Bien que non contraignante, la LOI joue un rôle clé dans le renforcement de la bonne foi et la due diligence dans les négociations précontractuelles :

  • Mettre évidence l’existence de négociation : la LOI formalise le processus de négociation en attestant que les parties sont engagées dans des discussions sérieuses en vue d’un éventuel accord, établissant ainsi un cadre clair quant aux intentions des parties.
  • Réglementer le processus de négociation : si la LOI n’oblige pas à conclure le contrat, elle peut spécifier certaines procédures et étapes que les parties conviennent de suivre pendant les négociations, telles que les délais pour la due diligence, les critères d’évaluation des informations et les accords sur la confidentialité des données partagées.
  • Preuve documentée de la bonne foi : en cas de litige, la LOI peut servir de preuve que les parties se sont engagées à négocier de bonne foi. Si l’une des parties agit de manière déloyale, la LOI servira à étayer sa demande de dommages-intérêts sur la base de la culpa in contrahendo.

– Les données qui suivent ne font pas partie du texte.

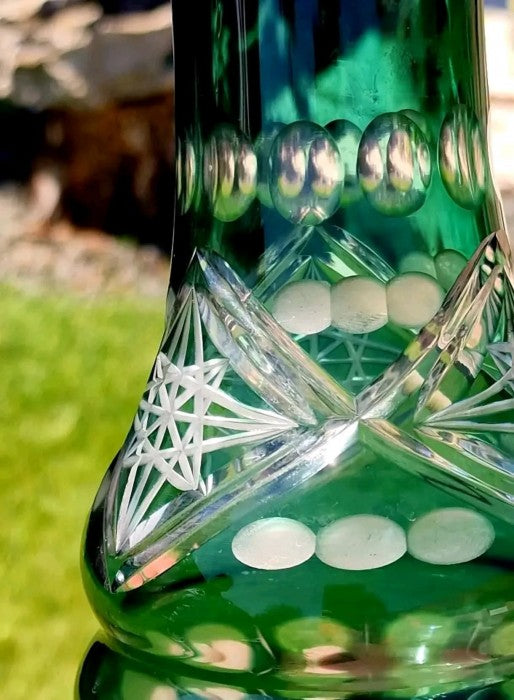 Vază din cristal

Quant aux principales clauses que l’on peut trouver dans la LOI espagnole, elles sont similaires à celles déjà mentionnées dans le droit français et la plupart d’entre elles sont directement liées aux principales fonctions citées ci-dessus :

  • Conditions de la future opération : structure de la transaction, prix d’achat, forme de paiement, actions ou parts à acquérir, délai estimé pour la réalisation de l’opération, etc.
  • Obligation d’exclusivité dans les négociations en faveur de l’acheteur.
  • Confidentialité.
  • Audit juridique ou due diligence.

Limites de la LOI en droit espagnol.

  • La LOI n’oblige pas à concrétiser ultérieurement l’opération envisagée, en raison de son caractère non contraignant.
  • Si elle n’est pas clairement rédigée, elle peut donner lieu à des interprétations, voire conférer à certaines clauses un caractère obligatoire.

Conclusion.

En droit français comme en droit espagnol, la LOI représente la phase initiale des négociations entre les parties. Elle ne constitue pas une offre contraignante ou un contrat définitif et vise à préparer le terrain pour le lancement d’une opération de fusion et d’acquisition.

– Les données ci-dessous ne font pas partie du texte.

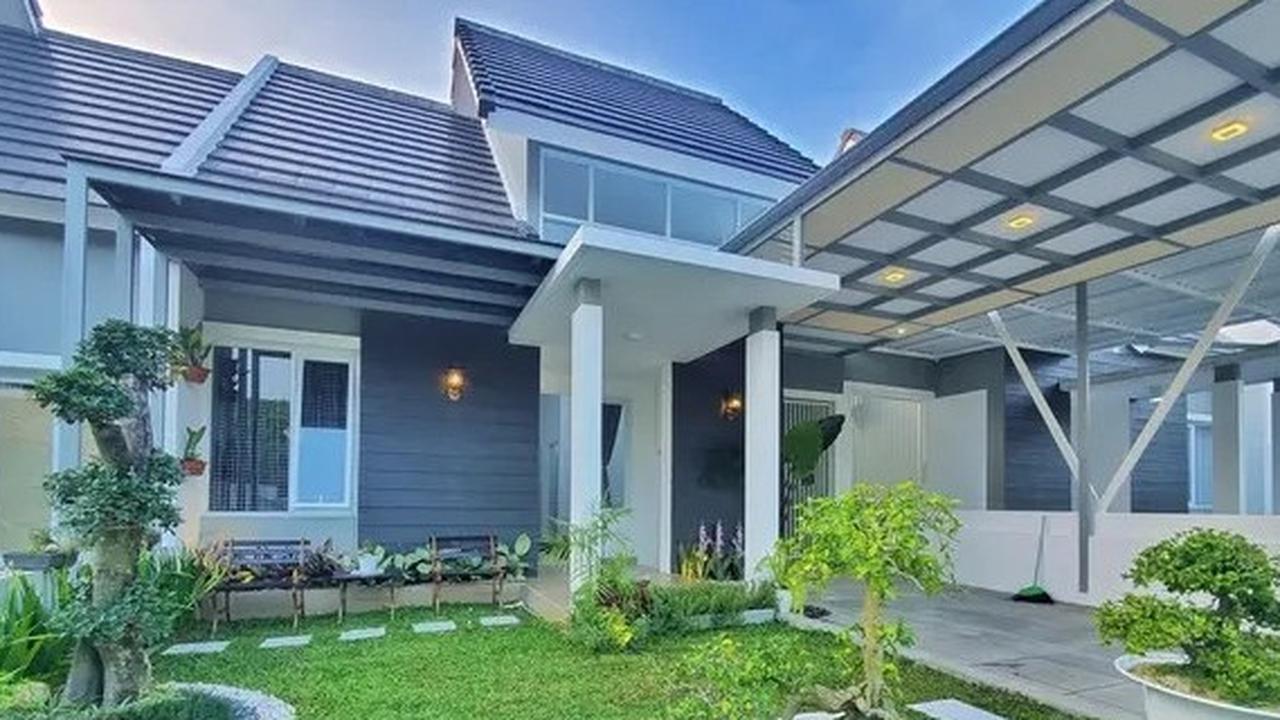 Desain Rumah Minimalis Modern 1 Lantai yang Nyaman dan Elegan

Malgré les similitudes en termes d’objectifs et de structure, il existe de légères différences en termes de réglementation et d’implications juridiques de leurs clauses. En France, la responsabilité précontractuelle est plus claire et plus détaillée en raison de l’article 1112-1 du Code Civil, tandis qu’en Espagne, la LOI repose sur des principes généraux, le principe de l’autonomie de la volonté et la jurisprudence.

Ces différences reflètent les particularités de chaque système juridique et sont essentielles pour les parties impliquées dans des transactions internationales.